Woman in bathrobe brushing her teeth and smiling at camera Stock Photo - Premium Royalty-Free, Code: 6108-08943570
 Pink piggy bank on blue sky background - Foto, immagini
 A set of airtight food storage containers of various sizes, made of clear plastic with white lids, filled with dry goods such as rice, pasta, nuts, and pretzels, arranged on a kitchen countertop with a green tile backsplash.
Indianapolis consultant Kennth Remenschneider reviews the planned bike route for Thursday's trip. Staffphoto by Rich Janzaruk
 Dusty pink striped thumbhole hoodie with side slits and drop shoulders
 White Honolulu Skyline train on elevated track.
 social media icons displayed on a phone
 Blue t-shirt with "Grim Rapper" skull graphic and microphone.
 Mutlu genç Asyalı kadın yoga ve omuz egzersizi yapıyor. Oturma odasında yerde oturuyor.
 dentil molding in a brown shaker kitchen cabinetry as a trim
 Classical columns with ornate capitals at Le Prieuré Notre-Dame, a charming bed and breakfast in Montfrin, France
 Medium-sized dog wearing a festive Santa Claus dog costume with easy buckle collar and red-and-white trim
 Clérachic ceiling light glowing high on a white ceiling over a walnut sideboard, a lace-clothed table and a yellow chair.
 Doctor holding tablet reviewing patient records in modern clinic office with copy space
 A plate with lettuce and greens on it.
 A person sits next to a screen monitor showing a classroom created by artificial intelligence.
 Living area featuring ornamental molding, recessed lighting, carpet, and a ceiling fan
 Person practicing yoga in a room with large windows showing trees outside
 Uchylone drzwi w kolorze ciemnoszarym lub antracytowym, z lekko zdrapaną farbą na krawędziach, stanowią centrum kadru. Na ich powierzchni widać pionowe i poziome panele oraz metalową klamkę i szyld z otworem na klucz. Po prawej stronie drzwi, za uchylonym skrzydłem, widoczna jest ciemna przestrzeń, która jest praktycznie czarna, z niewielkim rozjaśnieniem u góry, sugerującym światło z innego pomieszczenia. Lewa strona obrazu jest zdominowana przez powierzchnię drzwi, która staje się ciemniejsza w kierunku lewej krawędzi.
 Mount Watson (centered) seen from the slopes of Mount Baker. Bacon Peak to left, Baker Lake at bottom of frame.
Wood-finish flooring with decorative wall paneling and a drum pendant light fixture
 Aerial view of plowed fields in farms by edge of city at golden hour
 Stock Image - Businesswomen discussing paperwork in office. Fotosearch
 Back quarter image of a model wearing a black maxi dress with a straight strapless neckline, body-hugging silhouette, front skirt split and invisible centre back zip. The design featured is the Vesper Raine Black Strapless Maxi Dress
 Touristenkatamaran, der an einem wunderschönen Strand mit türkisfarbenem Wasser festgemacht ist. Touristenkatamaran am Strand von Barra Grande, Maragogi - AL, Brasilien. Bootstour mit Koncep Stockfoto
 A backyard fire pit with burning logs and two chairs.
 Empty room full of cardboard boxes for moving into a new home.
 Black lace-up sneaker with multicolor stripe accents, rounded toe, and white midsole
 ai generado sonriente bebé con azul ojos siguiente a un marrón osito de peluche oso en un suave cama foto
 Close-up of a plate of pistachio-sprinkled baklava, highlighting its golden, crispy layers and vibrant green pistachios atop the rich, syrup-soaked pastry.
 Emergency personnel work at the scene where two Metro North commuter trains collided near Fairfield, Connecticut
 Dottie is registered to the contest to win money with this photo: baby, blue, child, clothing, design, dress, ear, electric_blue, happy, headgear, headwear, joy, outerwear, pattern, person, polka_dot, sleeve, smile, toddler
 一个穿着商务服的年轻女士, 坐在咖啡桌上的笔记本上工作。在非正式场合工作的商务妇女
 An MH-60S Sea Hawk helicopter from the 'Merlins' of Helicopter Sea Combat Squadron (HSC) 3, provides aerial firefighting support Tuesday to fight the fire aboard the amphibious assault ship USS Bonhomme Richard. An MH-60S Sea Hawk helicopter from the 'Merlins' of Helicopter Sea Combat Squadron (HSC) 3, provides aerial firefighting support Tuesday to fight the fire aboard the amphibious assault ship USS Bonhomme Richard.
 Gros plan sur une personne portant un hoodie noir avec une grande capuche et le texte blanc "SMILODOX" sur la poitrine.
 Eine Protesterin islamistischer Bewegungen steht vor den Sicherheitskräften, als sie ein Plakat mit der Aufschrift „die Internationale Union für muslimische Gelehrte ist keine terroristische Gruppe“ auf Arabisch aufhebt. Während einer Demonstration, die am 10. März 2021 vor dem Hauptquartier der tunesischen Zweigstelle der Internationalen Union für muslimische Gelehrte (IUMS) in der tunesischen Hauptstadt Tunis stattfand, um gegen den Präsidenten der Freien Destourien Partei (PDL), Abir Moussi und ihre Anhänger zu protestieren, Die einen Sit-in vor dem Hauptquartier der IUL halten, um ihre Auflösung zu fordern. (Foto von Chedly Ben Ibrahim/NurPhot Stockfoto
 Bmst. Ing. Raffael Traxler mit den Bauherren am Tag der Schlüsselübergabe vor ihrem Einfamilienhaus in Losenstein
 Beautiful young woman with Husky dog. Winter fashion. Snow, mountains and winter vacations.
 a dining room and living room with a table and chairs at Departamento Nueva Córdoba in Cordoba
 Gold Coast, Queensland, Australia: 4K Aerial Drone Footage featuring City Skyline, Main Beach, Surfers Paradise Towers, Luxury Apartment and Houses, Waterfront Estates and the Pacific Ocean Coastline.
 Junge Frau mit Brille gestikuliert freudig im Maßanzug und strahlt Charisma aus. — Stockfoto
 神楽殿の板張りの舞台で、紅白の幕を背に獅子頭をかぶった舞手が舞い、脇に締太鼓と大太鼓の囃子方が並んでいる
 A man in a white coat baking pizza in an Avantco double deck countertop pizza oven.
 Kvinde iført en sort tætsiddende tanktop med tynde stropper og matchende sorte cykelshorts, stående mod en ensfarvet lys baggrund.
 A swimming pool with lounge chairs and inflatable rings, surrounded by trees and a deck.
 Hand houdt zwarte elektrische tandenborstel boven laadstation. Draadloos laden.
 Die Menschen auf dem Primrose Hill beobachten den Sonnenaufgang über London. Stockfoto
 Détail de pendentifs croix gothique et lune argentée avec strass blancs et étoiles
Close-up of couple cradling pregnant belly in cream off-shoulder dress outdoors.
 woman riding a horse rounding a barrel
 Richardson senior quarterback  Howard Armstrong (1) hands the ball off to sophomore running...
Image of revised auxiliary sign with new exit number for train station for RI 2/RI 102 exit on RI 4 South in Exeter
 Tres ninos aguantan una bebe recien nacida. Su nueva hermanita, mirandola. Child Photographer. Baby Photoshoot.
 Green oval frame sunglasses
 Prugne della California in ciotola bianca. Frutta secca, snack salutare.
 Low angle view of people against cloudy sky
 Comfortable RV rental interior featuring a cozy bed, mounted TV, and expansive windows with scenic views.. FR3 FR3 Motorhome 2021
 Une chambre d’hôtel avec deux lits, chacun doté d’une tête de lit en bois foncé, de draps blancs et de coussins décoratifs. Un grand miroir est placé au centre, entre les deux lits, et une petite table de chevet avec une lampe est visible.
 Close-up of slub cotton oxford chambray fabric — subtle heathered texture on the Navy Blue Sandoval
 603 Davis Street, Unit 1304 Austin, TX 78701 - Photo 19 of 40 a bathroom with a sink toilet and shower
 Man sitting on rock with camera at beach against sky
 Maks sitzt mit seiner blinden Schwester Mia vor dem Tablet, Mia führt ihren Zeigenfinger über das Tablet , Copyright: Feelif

### Problem to solve
Please output each record exactly as it appears above.

### Exercise response
Woman in bathrobe brushing her teeth and smiling at camera Stock Photo - Premium Royalty-Free, Code: 6108-08943570
 Pink piggy bank on blue sky background - Foto, immagini
 A set of airtight food storage containers of various sizes, made of clear plastic with white lids, filled with dry goods such as rice, pasta, nuts, and pretzels, arranged on a kitchen countertop with a green tile backsplash.
Indianapolis consultant Kennth Remenschneider reviews the planned bike route for Thursday's trip. Staffphoto by Rich Janzaruk
 Dusty pink striped thumbhole hoodie with side slits and drop shoulders
 White Honolulu Skyline train on elevated track.
 social media icons displayed on a phone
 Blue t-shirt with "Grim Rapper" skull graphic and microphone.
 Mutlu genç Asyalı kadın yoga ve omuz egzersizi yapıyor. Oturma odasında yerde oturuyor.
 dentil molding in a brown shaker kitchen cabinetry as a trim
 Classical columns with ornate capitals at Le Prieuré Notre-Dame, a charming bed and breakfast in Montfrin, France
 Medium-sized dog wearing a festive Santa Claus dog costume with easy buckle collar and red-and-white trim
 Clérachic ceiling light glowing high on a white ceiling over a walnut sideboard, a lace-clothed table and a yellow chair.
 Doctor holding tablet reviewing patient records in modern clinic office with copy space
 A plate with lettuce and greens on it.
 A person sits next to a screen monitor showing a classroom created by artificial intelligence.
 Living area featuring ornamental molding, recessed lighting, carpet, and a ceiling fan
 Person practicing yoga in a room with large windows showing trees outside
 Uchylone drzwi w kolorze ciemnoszarym lub antracytowym, z lekko zdrapaną farbą na krawędziach, stanowią centrum kadru. Na ich powierzchni widać pionowe i poziome panele oraz metalową klamkę i szyld z otworem na klucz. Po prawej stronie drzwi, za uchylonym skrzydłem, widoczna jest ciemna przestrzeń, która jest praktycznie czarna, z niewielkim rozjaśnieniem u góry, sugerującym światło z innego pomieszczenia. Lewa strona obrazu jest zdominowana przez powierzchnię drzwi, która staje się ciemniejsza w kierunku lewej krawędzi.
 Mount Watson (centered) seen from the slopes of Mount Baker. Bacon Peak to left, Baker Lake at bottom of frame.
Wood-finish flooring with decorative wall paneling and a drum pendant light fixture
 Aerial view of plowed fields in farms by edge of city at golden hour
 Stock Image - Businesswomen discussing paperwork in office. Fotosearch
 Back quarter image of a model wearing a black maxi dress with a straight strapless neckline, body-hugging silhouette, front skirt split and invisible centre back zip. The design featured is the Vesper Raine Black Strapless Maxi Dress
 Touristenkatamaran, der an einem wunderschönen Strand mit türkisfarbenem Wasser festgemacht ist. Touristenkatamaran am Strand von Barra Grande, Maragogi - AL, Brasilien. Bootstour mit Koncep Stockfoto
 A backyard fire pit with burning logs and two chairs.
 Empty room full of cardboard boxes for moving into a new home.
 Black lace-up sneaker with multicolor stripe accents, rounded toe, and white midsole
 ai generado sonriente bebé con azul ojos siguiente a un marrón osito de peluche oso en un suave cama foto
 Close-up of a plate of pistachio-sprinkled baklava, highlighting its golden, crispy layers and vibrant green pistachios atop the rich, syrup-soaked pastry.
 Emergency personnel work at the scene where two Metro North commuter trains collided near Fairfield, Connecticut
 Dottie is registered to the contest to win money with this photo: baby, blue, child, clothing, design, dress, ear, electric_blue, happy, headgear, headwear, joy, outerwear, pattern, person, polka_dot, sleeve, smile, toddler
 一个穿着商务服的年轻女士, 坐在咖啡桌上的笔记本上工作。在非正式场合工作的商务妇女
 An MH-60S Sea Hawk helicopter from the 'Merlins' of Helicopter Sea Combat Squadron (HSC) 3, provides aerial firefighting support Tuesday to fight the fire aboard the amphibious assault ship USS Bonhomme Richard. An MH-60S Sea Hawk helicopter from the 'Merlins' of Helicopter Sea Combat Squadron (HSC) 3, provides aerial firefighting support Tuesday to fight the fire aboard the amphibious assault ship USS Bonhomme Richard.
 Gros plan sur une personne portant un hoodie noir avec une grande capuche et le texte blanc "SMILODOX" sur la poitrine.
 Eine Protesterin islamistischer Bewegungen steht vor den Sicherheitskräften, als sie ein Plakat mit der Aufschrift „die Internationale Union für muslimische Gelehrte ist keine terroristische Gruppe“ auf Arabisch aufhebt. Während einer Demonstration, die am 10. März 2021 vor dem Hauptquartier der tunesischen Zweigstelle der Internationalen Union für muslimische Gelehrte (IUMS) in der tunesischen Hauptstadt Tunis stattfand, um gegen den Präsidenten der Freien Destourien Partei (PDL), Abir Moussi und ihre Anhänger zu protestieren, Die einen Sit-in vor dem Hauptquartier der IUL halten, um ihre Auflösung zu fordern. (Foto von Chedly Ben Ibrahim/NurPhot Stockfoto
 Bmst. Ing. Raffael Traxler mit den Bauherren am Tag der Schlüsselübergabe vor ihrem Einfamilienhaus in Losenstein
 Beautiful young woman with Husky dog. Winter fashion. Snow, mountains and winter vacations.
 a dining room and living room with a table and chairs at Departamento Nueva Córdoba in Cordoba
 Gold Coast, Queensland, Australia: 4K Aerial Drone Footage featuring City Skyline, Main Beach, Surfers Paradise Towers, Luxury Apartment and Houses, Waterfront Estates and the Pacific Ocean Coastline.
 Junge Frau mit Brille gestikuliert freudig im Maßanzug und strahlt Charisma aus. — Stockfoto
 神楽殿の板張りの舞台で、紅白の幕を背に獅子頭をかぶった舞手が舞い、脇に締太鼓と大太鼓の囃子方が並んでいる
 A man in a white coat baking pizza in an Avantco double deck countertop pizza oven.
 Kvinde iført en sort tætsiddende tanktop med tynde stropper og matchende sorte cykelshorts, stående mod en ensfarvet lys baggrund.
 A swimming pool with lounge chairs and inflatable rings, surrounded by trees and a deck.
 Hand houdt zwarte elektrische tandenborstel boven laadstation. Draadloos laden.
 Die Menschen auf dem Primrose Hill beobachten den Sonnenaufgang über London. Stockfoto
 Détail de pendentifs croix gothique et lune argentée avec strass blancs et étoiles
Close-up of couple cradling pregnant belly in cream off-shoulder dress outdoors.
 woman riding a horse rounding a barrel
 Richardson senior quarterback  Howard Armstrong (1) hands the ball off to sophomore running...
Image of revised auxiliary sign with new exit number for train station for RI 2/RI 102 exit on RI 4 South in Exeter
 Tres ninos aguantan una bebe recien nacida. Su nueva hermanita, mirandola. Child Photographer. Baby Photoshoot.
 Green oval frame sunglasses
 Prugne della California in ciotola bianca. Frutta secca, snack salutare.
 Low angle view of people against cloudy sky
 Comfortable RV rental interior featuring a cozy bed, mounted TV, and expansive windows with scenic views.. FR3 FR3 Motorhome 2021
 Une chambre d’hôtel avec deux lits, chacun doté d’une tête de lit en bois foncé, de draps blancs et de coussins décoratifs. Un grand miroir est placé au centre, entre les deux lits, et une petite table de chevet avec une lampe est visible.
 Close-up of slub cotton oxford chambray fabric — subtle heathered texture on the Navy Blue Sandoval
 603 Davis Street, Unit 1304 Austin, TX 78701 - Photo 19 of 40 a bathroom with a sink toilet and shower
 Man sitting on rock with camera at beach against sky
 Maks sitzt mit seiner blinden Schwester Mia vor dem Tablet, Mia führt ihren Zeigenfinger über das Tablet , Copyright: Feelif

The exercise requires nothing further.